In a story published by the New York Times Sunday, Stone, who plays Lorna Morello on the Netflix comedy, detailed incidents between her and Rush she says occurred when they co-starred in a production of “The Diary of a Madman” together, eight years ago in Sydney, Australia. She was 25 years old at the time and Rush was 59.

Stone’s claims that Rush sent her inappropriate text messages, tried to watch her shower, and exposed his penis to her while working on the show, come months after Rush sued an Australian tabloid for defamation over sexual misconduct claims made against him by an unidentified “King Lear” co-star, who was later revealed to be Eryn Jean Norvill.

In a statement first given to the Times and then obtained by TheWrap, Rush said “the allegations of inappropriate behavior made by Yael Stone are incorrect and in some instances have been taken completely out of context.”

“However, clearly Yael has been upset on occasion by the spirited enthusiasm I generally bring to my work,” he continued. “I sincerely and deeply regret if I have caused her any distress. This, most certainly, has never been my intention. When we performed in The Diary Of A Madman 8 years ago, I believe we engaged in a journey as artistic comrades. Over the years we have shared correspondence that always contained a mutual respect and admiration. As I have said in the past, I abhor any behavior that might be considered as harassment or intimidation to anyone – whether in the workplace or any other environment.”

In the article published Sunday, Stone told Times’ Bari Weiss that though she knows “truth” is on her side, “there’s an element of terror” in her communication about the topic. The actress says she’s conflicted about how she “enthusiastically and willingly” bantered back in response to Rush’s texts.

“I was so flattered that someone like that would spend their time texting me into the very early hours of the morning,” she said. “Gradually the text messages became more sexual in nature, but always encased in this very highfalutin intellectual language.”

“I’m embarrassed by the ways I participated,” Stone told the Times. “I certainly wouldn’t engage as the person I am now in the way I did when I was 25.”

Stone also detailed “strange intimacies in the dressing room” between her and Rush, where she says he would ask her to take out his contact lenses or remove his costume at intermission and that he would join her, uninvited, when she napped between matinee and evening performances.

The actress says one time Rush used a small mirror held over a shower cubicle to view her naked. “I said some words to the effect of, ‘Bugger off, Geoffrey.’ I was walking a very delicate line where I needed to manage these uncomfortable moments but never, never offend him.”

And when she says he exposed himself to her and danced around naked in a “playful, clownish manner,” she told the Times she responded with “an attitude of, ‘Oh, you’re a very naughty boy.'”

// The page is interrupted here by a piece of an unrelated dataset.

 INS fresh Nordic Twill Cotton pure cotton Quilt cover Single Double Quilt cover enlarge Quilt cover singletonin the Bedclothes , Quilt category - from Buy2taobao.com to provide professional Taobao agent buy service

“I didn’t want him to think I was no fun, that I was one of those people who couldn’t take a joke,” Stone said.

Stone told the Times, “There was no part of my brain considering speaking to anyone in any official capacity. This was a huge star. What were they going to do? Fire Geoffrey and keep me?”

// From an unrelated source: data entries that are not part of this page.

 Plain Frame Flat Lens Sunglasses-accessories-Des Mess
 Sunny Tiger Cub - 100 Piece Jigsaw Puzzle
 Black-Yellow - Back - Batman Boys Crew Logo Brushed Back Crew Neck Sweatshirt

Stone told the Times she sent Rush an email last December to address the incidents that occurred during production of “Diary of a Madman,” writing: “In the name of years of friendship I wanted to share with you what I have always been afraid to say. I hope it’s possible for you to receive this in the spirit that it is meant. With a view toward healing.”

Stone says Rush never responded to her, telling the Times: “If Geoffrey had written back and said I’m sorry and offered to work with me to inspire positive change in our industry, it may have transformed both of our lives for the better. I despair that I am now in this situation.”

“The current system is built around the very famous and talented such that there is a lot of yes,” Stone added. “There is not a lot of no. And that can encourage certain behaviors and that can happen incrementally over time to the point where a person may have not heard the word no in a long time. And it might not be their fault. We need compassion for that confusion.”

Rush began fighting his defamation case against the Australian tabloid that published Norvill’s claims against him last year, with the judge expected to hand down a decision in 2019.

Because in Australia the burden is on the publisher to prove accusations are true — rather than on a plaintiff to prove they are false — Stone told the Times she would not have come forward with her accusations if a law firm had not agreed to represent her pro bono, should Rush sue for defamation. However, she will still be personally responsible for damages, should he win.

A representative for Stone did not immediately respond to TheWrap’s request for any additional comment.